May fellow mentor/classmates give me some insight about what the function clean_dataset function is going to achieve?
I think that we need to clean the training data such that we could label each word with right categories, like
“Abhishek” → Name
“Jha” → Name
“Application” → Designation
“Development” → Designation
“Associate” → Designation
“-” → Unknown
Yet after i print out the result of cleaned_DF, it orders is so confusing.
Name Name Designation Designation Designation Empty Empty Empty Empty Empty Empty Empty Empty Email Address …
There are many empty marked. I can’t understand why “Empty” would appear.
Appreciated for any help. Many thanks.
To answer your question about the appearance of many “Empty”, you need to dive deeper into the function clean_dataset
and pay attention to the variable emptyList
.
About your thoughts on labeling, you can focus on the variable start
in the function clean_dataset
(included in the image below). I guess what the function does is that to label data, it depends on the variable start
satisfying the if statement if (start>=int(entList[0]) and i<=int(entList[1])):
or not. You may want to print out data[0][1]
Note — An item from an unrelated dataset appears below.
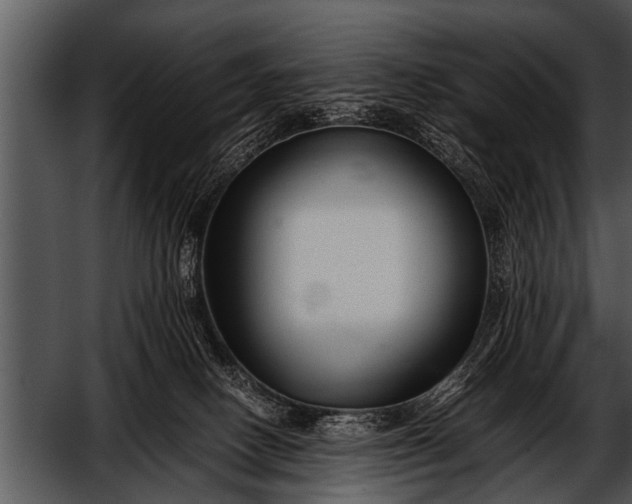 X0000052630082200507160142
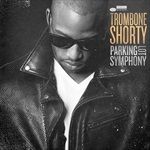 PARKING-LOT-SYMPHONY-6542-Vinyl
in another cell to figure it out (data[0][1]
is actually an example of strDictData
in the function clean_dataset
and I have included the result of data[0][1]
below). For example, with [1296, 1622, 'Skills']
. Variable start
needs to be in the range of (1296, 1622)
to be added to the emptyList
. In conclusion, the way “Name”, “Designation”, “Skills”,… are in the cleanedDF
totally depends on entities
from data
passed to the function clean_dataset
. Hopefully, the rough explanation above is going to help you out.
2 Likes
Hi Sonnh1902, thanks so much for your help.
Though I still cant get what the program is really doing, I will go on NLP course for transformer so that I could strengthen myself and comeback to revisit this challenge. 
Thanks so much indeed.